── Given data

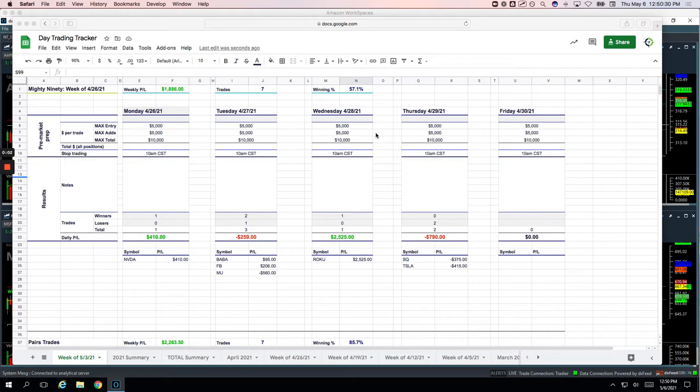Hey everyone, welcome to today's Day Trading Recap for Thursday, May 6th. Hope everybody's having a good week. I'm going to go through the trades for today. And then this is my last week of day trading for the week — we are offline on Friday tomorrow, so I'll come back and recap the week. For the day, plus $220, small green day.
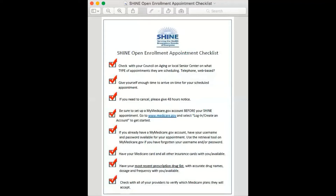I will now go over some things to better prepare yourself for your open enrollment appointment. Check with your Council on Aging or local Senior Center on what type of appointments they are scheduling — some may be telephone or web-based. Give yourself enough time to arrive on time for your scheduled appointment. If you need to cancel, please give 48 hours notice.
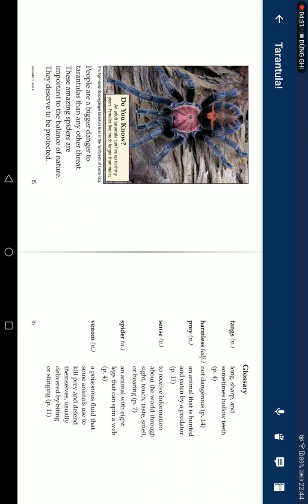Harmless: not dangerous. Prey: an animal hunted by predators. Senses: ways to receive information through sight, touch, smell, and taste.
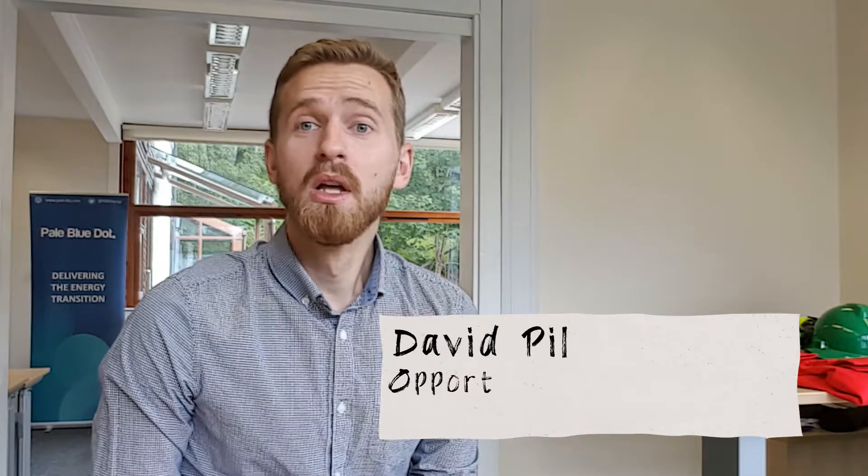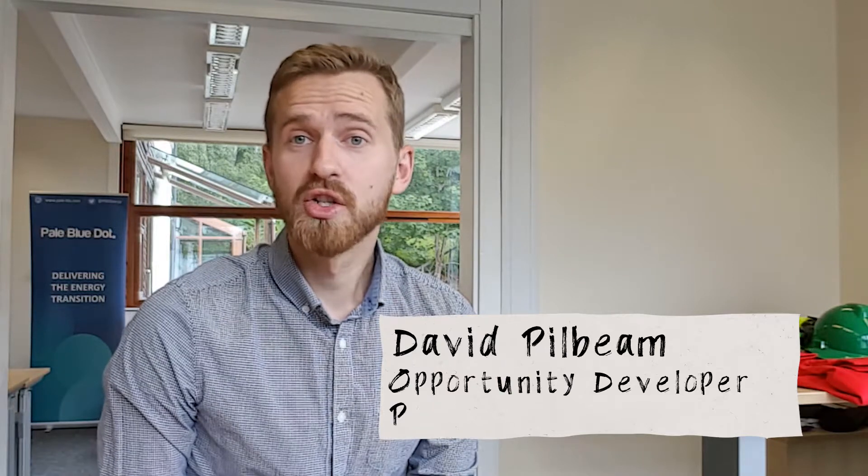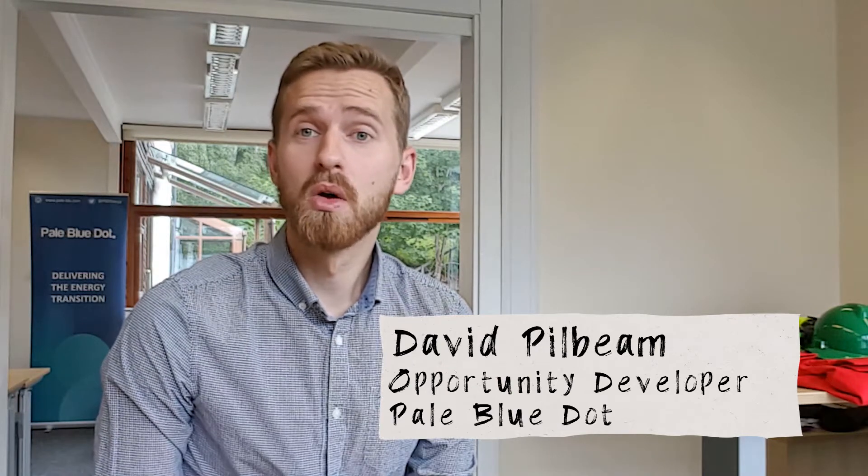Hi, I'm David Pilbeam and I'm a chemical engineer with Pebble Energy. Today I'm going to introduce you to the Acorn Hydrogen project and the value of using low carbon gases like hydrogen instead of typical fossil fuels like coal, oil and natural gas.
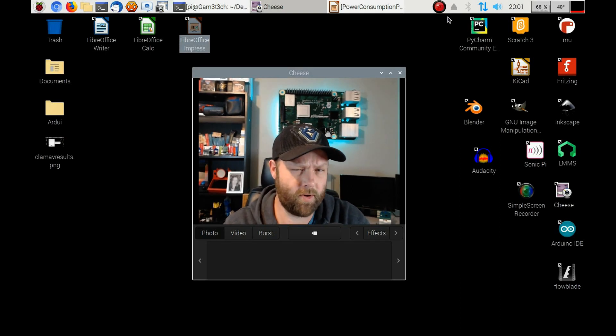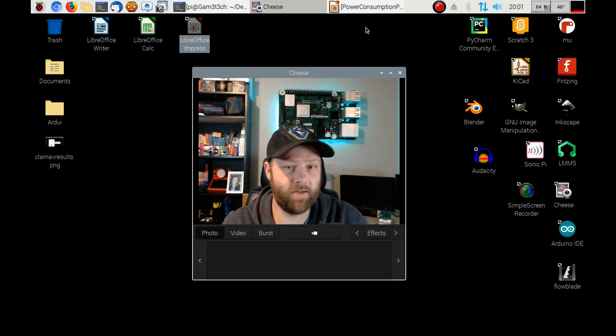What's going on everyone? Today we're just doing a quick update on my 30 days with the Raspberry Pi and the power consumption. Now let's have a look at the chart to see if we're on course.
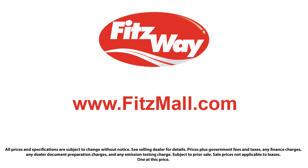The Fitzway puts the customer first with honesty, respect, and a total commitment to customer satisfaction. That's the Fitzway.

────

**Work required:** Each record above must be retyped exactly, minus its pictures.

**Result of this exercise:**
Hey everyone, welcome to today's Day Trading Recap for Thursday, May 6th. Hope everybody's having a good week. I'm going to go through the trades for today. And then this is my last week of day trading for the week — we are offline on Friday tomorrow, so I'll come back and recap the week. For the day, plus $220, small green day.
I will now go over some things to better prepare yourself for your open enrollment appointment. Check with your Council on Aging or local Senior Center on what type of appointments they are scheduling — some may be telephone or web-based. Give yourself enough time to arrive on time for your scheduled appointment. If you need to cancel, please give 48 hours notice.
Harmless: not dangerous. Prey: an animal hunted by predators. Senses: ways to receive information through sight, touch, smell, and taste.
Hi, I'm David Pilbeam and I'm a chemical engineer with Pebble Energy. Today I'm going to introduce you to the Acorn Hydrogen project and the value of using low carbon gases like hydrogen instead of typical fossil fuels like coal, oil and natural gas.
What's going on everyone? Today we're just doing a quick update on my 30 days with the Raspberry Pi and the power consumption. Now let's have a look at the chart to see if we're on course.
The Fitzway puts the customer first with honesty, respect, and a total commitment to customer satisfaction. That's the Fitzway.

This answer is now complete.